مرکز منطقه ای اطلاع رساني علوم و فناوري - Pruning Nearest Neighbor Competence Preservation Learners

Abstract :

The nearest neighbor classification rule is a memory-based technique, in that its standard learning phase consists in storing the entire set of examples, or training set. During classification, the nearest neighbors of the incoming test object are retrieved in the store and their labels are combined to determine the answer. In order to alleviate both the spatial and temporal cost of this strategy, competence preservation techniques aim at substituting the training set with a selected subset, also known as consistent subset, having the property of correctly classifying all the discarded training set examples.
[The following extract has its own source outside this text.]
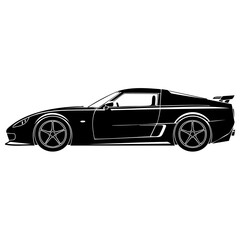 Obraz premium Sleek Black Silhouette Modern Car Design Illustration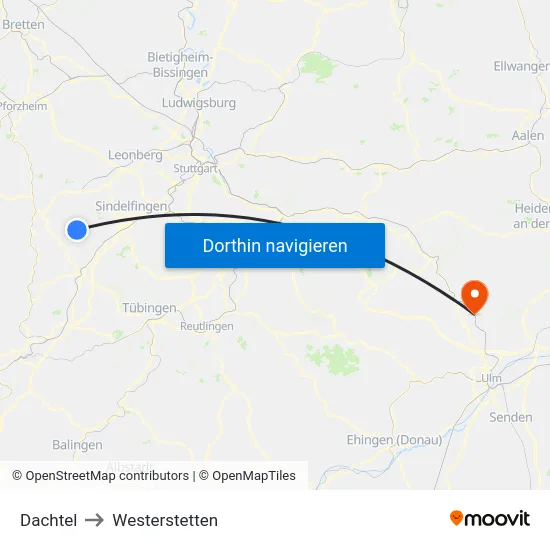 Dachtel to Westerstetten map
Thus the consistent subset becomes a model of the original training set. Motivated by approaches used in the context of other classification algorithms (such as decision trees) in order to improve generalization and to prevent induction of overly complex models, in this study we investigate the application of the Pessimistic Error Estimate (PEE) principle in the context of the nearest neighbor rule. Specifically, we relax the notion of consistency of a subset and estimate subset generalization as a trade-off between its training set accuracy and its complexity. As major results, we show that a PEE-like selection strategy guarantees to preserve the accuracy of the consistent subset with a far larger reduction factor and, moreover, that sensible generalization improvements can be obtained by using a reduced subset of intermediate size.